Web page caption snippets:
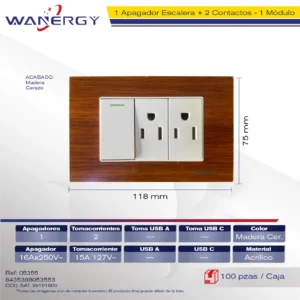 PLACA 1 APAGADOR ESCALERA Y 2 CONTACTOS DE 1 MÓDULO ACRILICO MADERA CEREZO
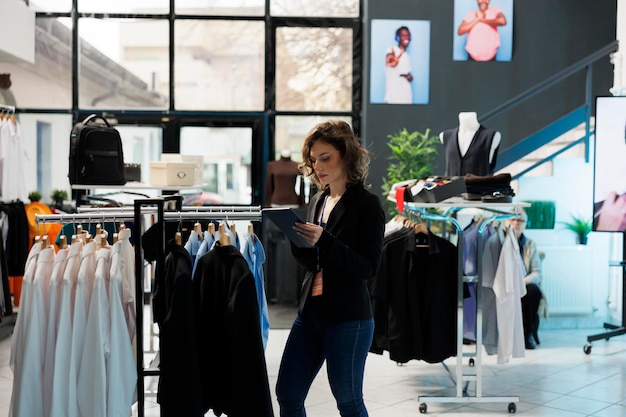 Trabajador caucásico revisando el inventario de ropa en una tableta, mirando productos de moda en perchas. Empleado de la sala de exposición revisando la lista de descuentos en el dispositivo en el centro comercial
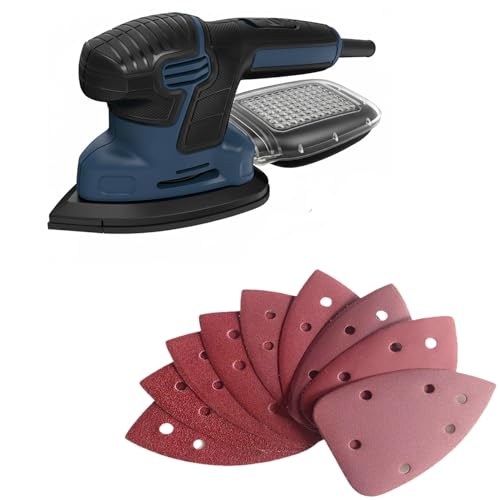 100 PCS Mouse Detail Sander Sandpaper 6 Holes, 600 Grit Hook and Loop Detail Sandpaper Aluminum 0xide Mouse Sanding Pads Triangular Sanding Sheets for Detail Mouse Sander - size: 6 Holes-600 Grit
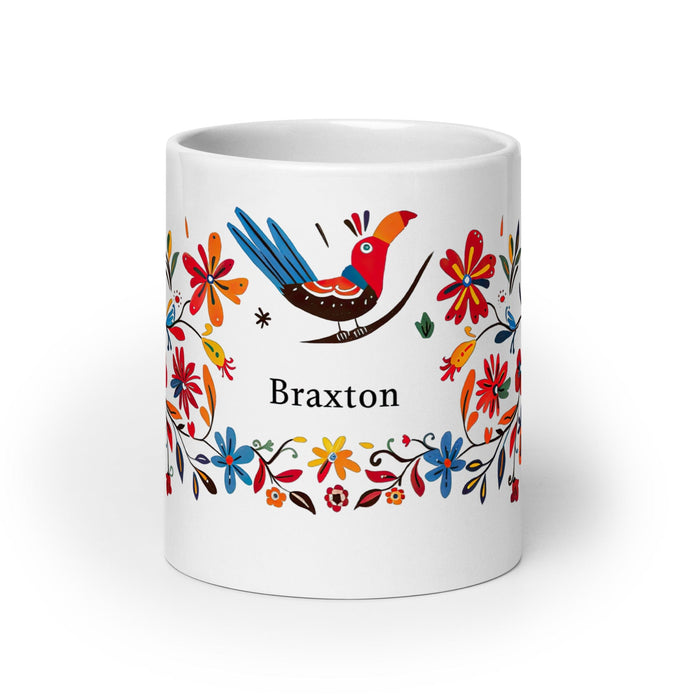 Braxton Exclusive Name Art Piece Home Office Work Coffee Mug Mexican Spanish Pride Gift Cup One-Of-A-Kind Calligraphy White Glossy Mug | B23 Mexicada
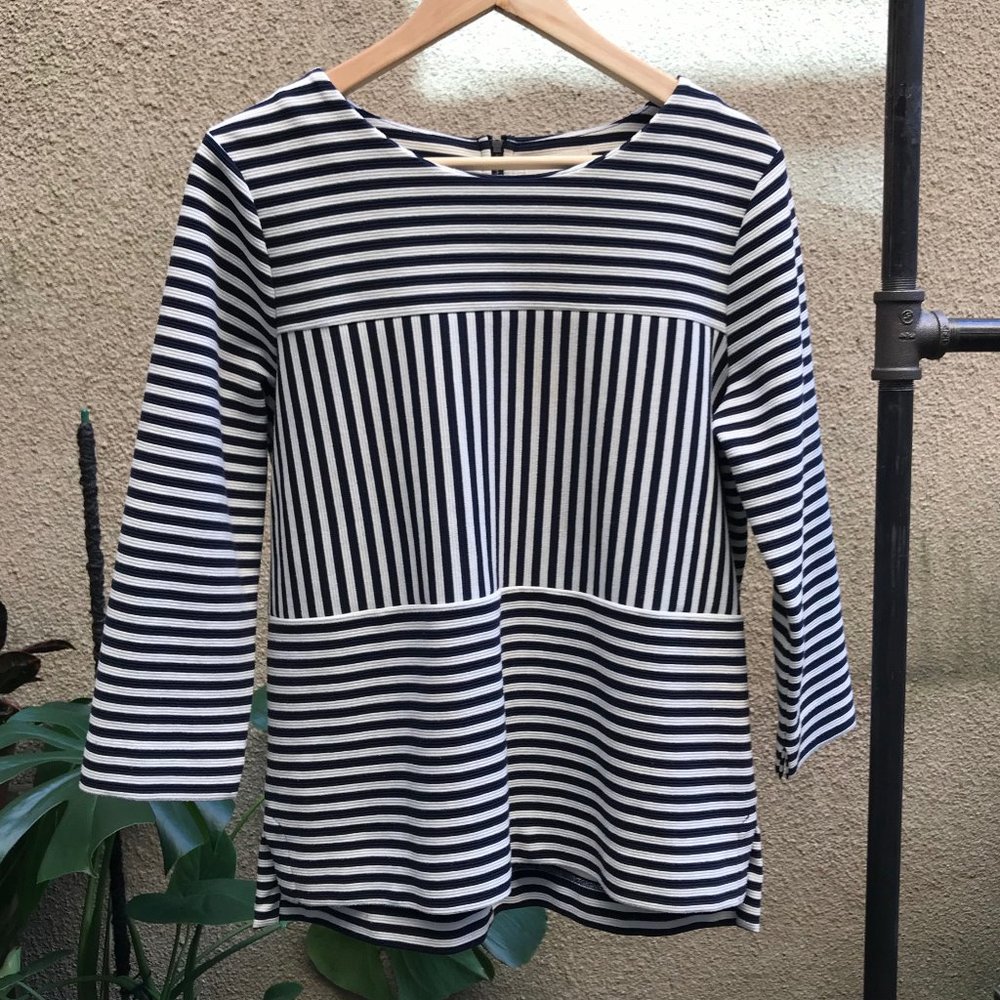 Madewell Collarless Pullover Top in Navy & Ecru Stripe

_Exercise aim_:
Retype the records above exactly, starting at the line that contains "Trabajador caucásico revisando" and going through the last line, and leave out any pictures.

_Exercise answer_:
 Trabajador caucásico revisando el inventario de ropa en una tableta, mirando productos de moda en perchas. Empleado de la sala de exposición revisando la lista de descuentos en el dispositivo en el centro comercial
 100 PCS Mouse Detail Sander Sandpaper 6 Holes, 600 Grit Hook and Loop Detail Sandpaper Aluminum 0xide Mouse Sanding Pads Triangular Sanding Sheets for Detail Mouse Sander - size: 6 Holes-600 Grit
 Braxton Exclusive Name Art Piece Home Office Work Coffee Mug Mexican Spanish Pride Gift Cup One-Of-A-Kind Calligraphy White Glossy Mug | B23 Mexicada
 Madewell Collarless Pullover Top in Navy & Ecru Stripe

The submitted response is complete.